COLUMBIA — Democrat John Wright and Republican Caleb Rowden were the winners in the only two contested primary races for state House seats representing Columbia and Boone County.
Wright defeated former state representative Nancy Copenhaver in the race for the Democrats' nomination in the 47th District House race. Wright collected 1,304 votes, or 64.1 percent, to Copenhaver's 731 votes, or 35.9 percent.
The 47th District includes parts of Boone, Cooper, Howard and Randolph counties. Wright benefited extensively from Boone County voters, receiving 1,101 of his total votes from the county.
Wright gathered with about 50 supporters at the Rocheport General Store to watch the results. He ate mint chocolate chip ice cream and talked to supporters as his family watched the votes from a computer screen.
"I feel great. I am surrounded by friends and family. I will be able to sleep tonight no matter what," he said.
After it became clear he would win the race, Wright addressed the crowd. He described his victory as a "humbling experience" and said he had the "utmost respect" for his opponent.
He added that he would continue to run on a platform promoting early childhood education, public education and creating a better business climate for small businesses.
Wright will go on to face Republican Mitch Richards in the November general election.
In the 44th District contest for the Republican nomination, Rowden emerged from a field of four candidates to win the primary. He received 1,099 votes, or 40.6 percent. Dennis Smith was second with 701 votes, or 25.9 percent. Mike Becker received 490 votes, or 18.1 percent, and Chris Dwyer received 415 votes, or 15.3 percent.
Early Tuesday night, Rowden said he and his wife were watching the campaign results come in on one screen and the Olympics on another. Rowden's victory came primarily as a result of voters in Boone County, which comprises most of the 44th House District. The district also includes parts of southern Randolph County.
Rowden said his priorities include rebuilding the economy and being an advocate for entrepreneurship.
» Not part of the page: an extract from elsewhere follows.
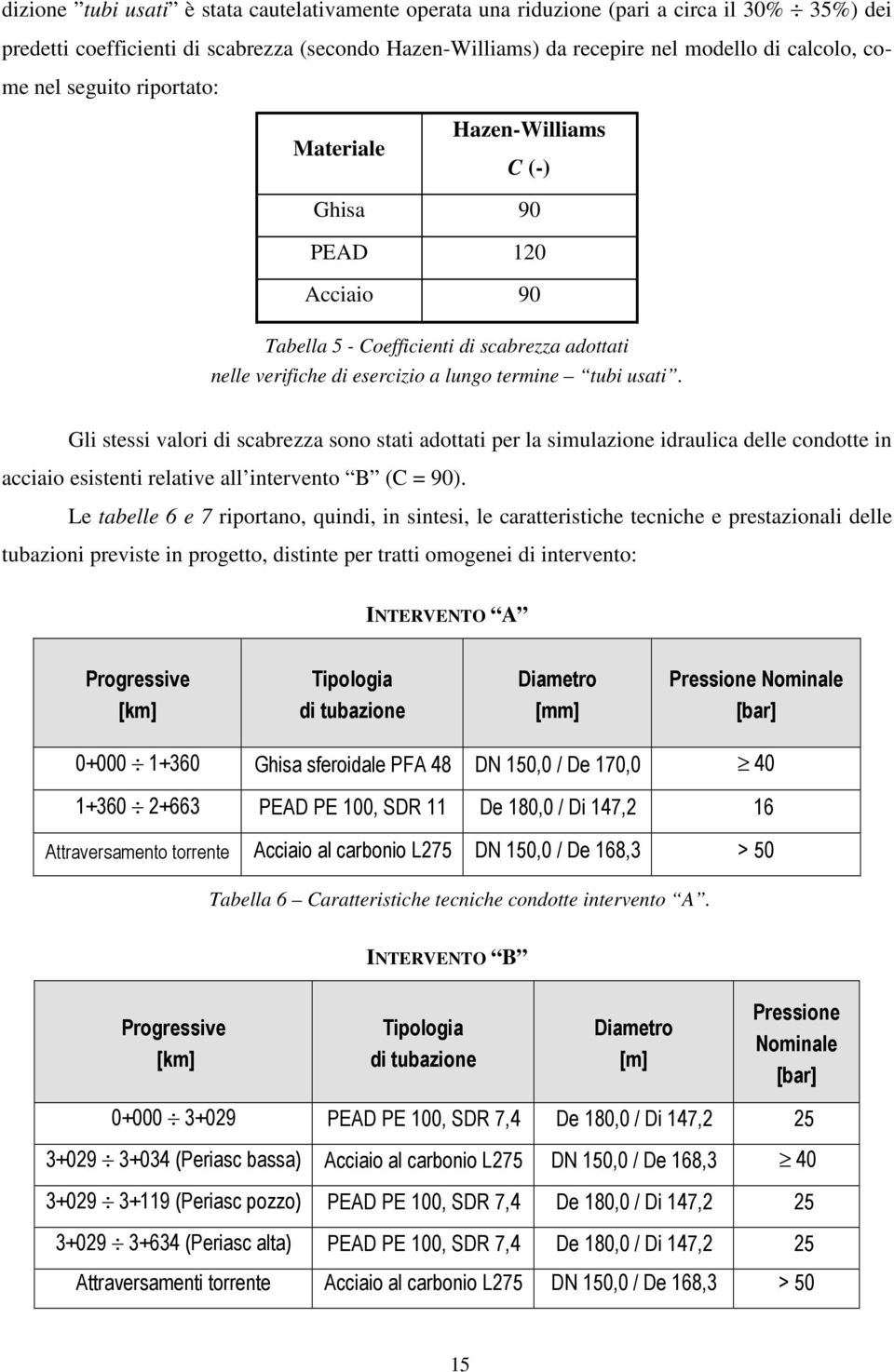 Gli stessi valori di scabrezza sono stati adottati per la simulazione idraulica delle condotte in acciaio esistenti relative all intervento B (C = 90).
"I don't think it's the government's job to create jobs but rather to create stability," he said.
He said running against Smith, a former state legislator, changed the way he campaigned during the primary and prepared him well for running against his general election opponent, Ken Jacob, another former state legislator.
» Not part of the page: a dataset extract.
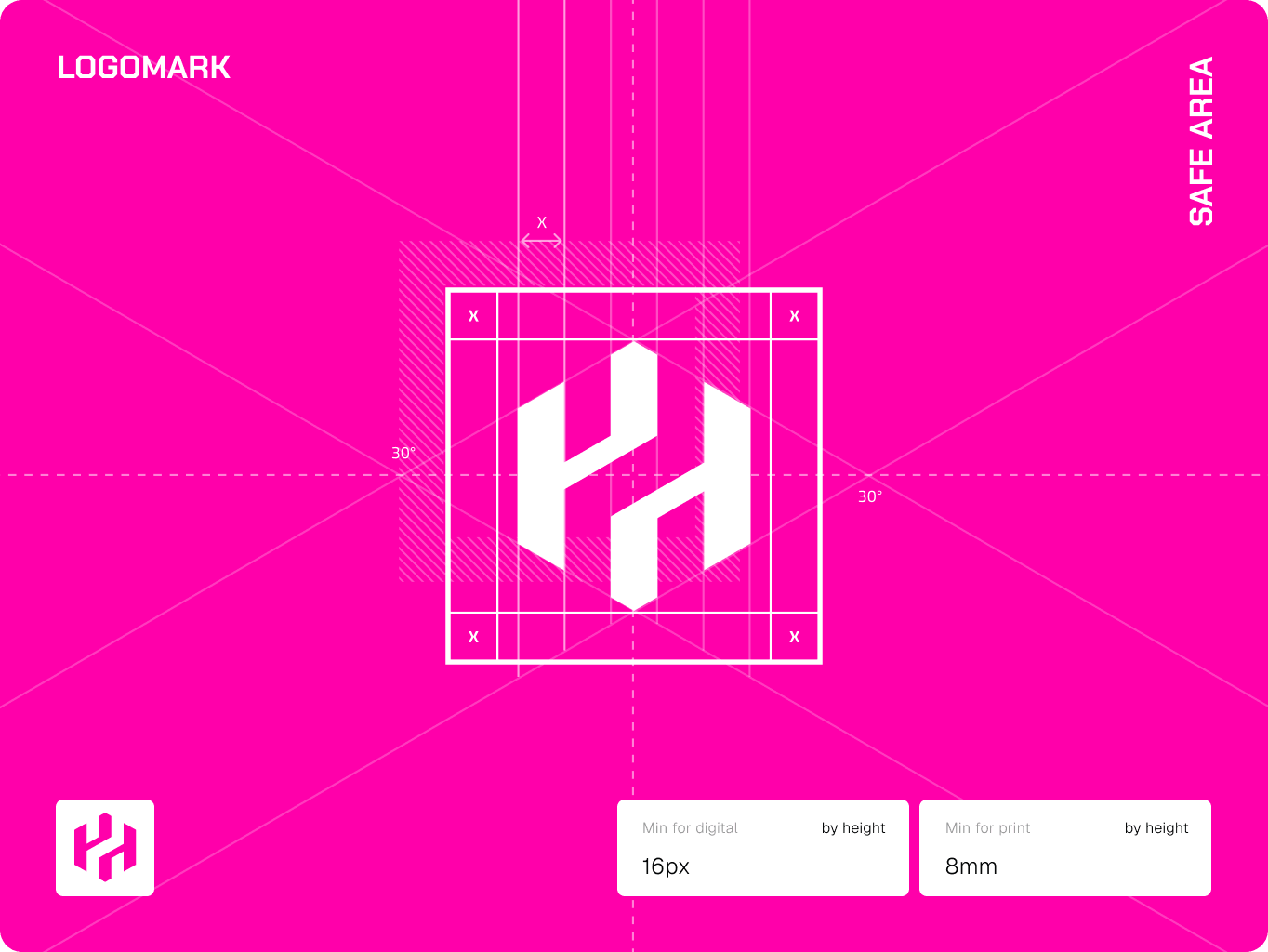 Hyperscale – redesign turning industrial manufacturing into a scalable system and accelerating growth - Website Development - Photo 9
"I think I'm as ready as I'll ever be," Rowden said. "Campaigning with Dennis gave us the opportunities to prepare for the time to come."
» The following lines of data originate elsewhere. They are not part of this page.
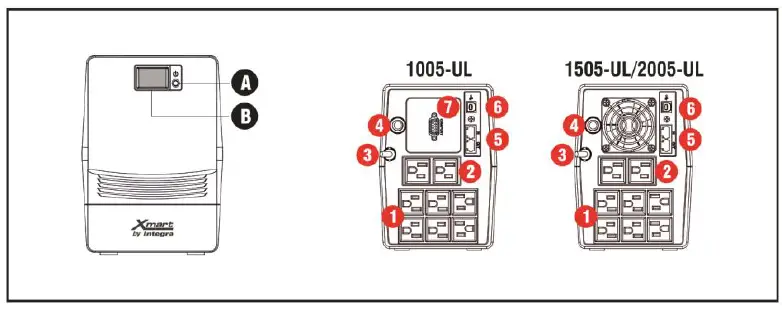 Xmart-SUPRA-1005-Interactive-UPS-FIG-3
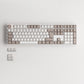 Akko Steam Engine ISO Tastenkappen Set Install on the Keyboard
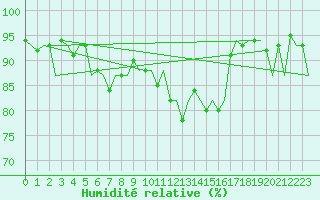 Courbe de l'humidit relative pour Grenchen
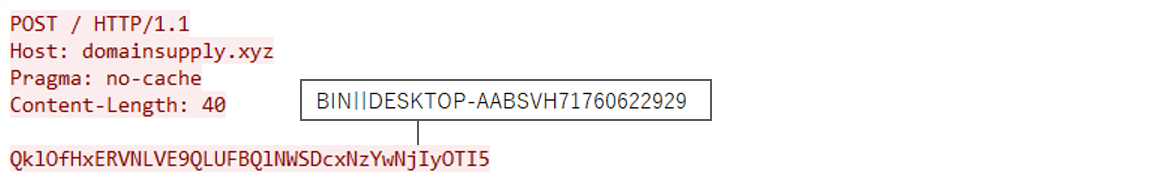 Figure 26. Fourth communication example (BN identifier)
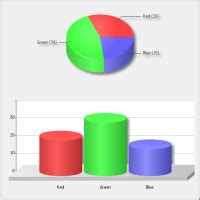 Difference Between Table and Chart | Table vs Chart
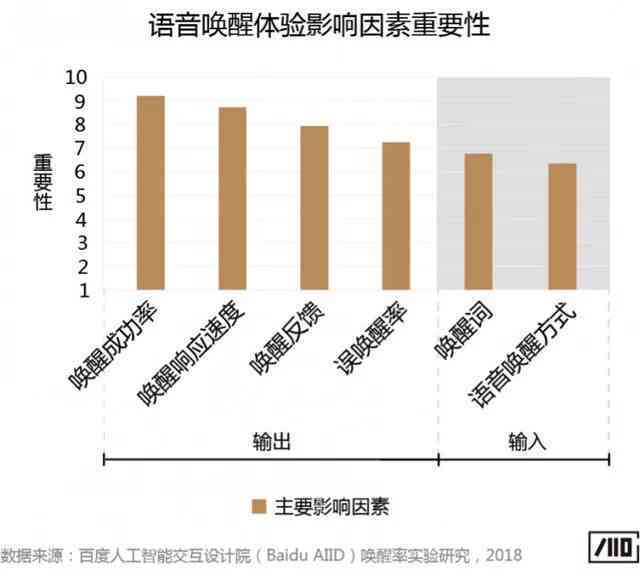 全面解读微软AI配音技术：风格分析报告与深度应用指南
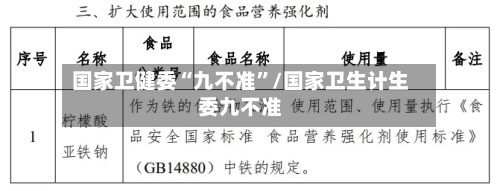 国家卫健委“九不准”/国家卫生计生委九不准-第2张图片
For the coming election Rowden said that his campaign was preparing to release both political ads and informational videos and that he is going to "hit the ground running with four feet."
Every other primary race in local legislative elections was uncontested. Here's how the November general election ballot shaped up.
Senate District 19: Incumbent Republican Sen. Kurt Schaefer is running for his second term and will defend his seat against Democrat state Rep. Mary Still. The 19th District includes Boone and Cooper counties*.
House District 45: Incumbent Democrat Chris Kelly, who represents the 24th District now, has no Republican opponent for the general election. He is seeking his third term as a state representative since being elected in 2008. It would make his ninth term overall in the House. The 45th District includes parts of central and northern Columbia.
House District 46: Incumbent Democrat Stephen Webber, who represents the 23rd District now, will defend his seat against Republican opponent Fred Berry, who has never served as a state legislator. Webber is seeking his third term. The 46th District includes much of southwestern Columbia.
House District 50: Incumbent Republican Caleb Jones of California, Mo., ran unopposed during the primary and does not have a Democratic challenger for the general election. Jones will be seeking his second term as a state representative. The 50th District includes parts of Boone, Cole, Moniteau and Cooper counties.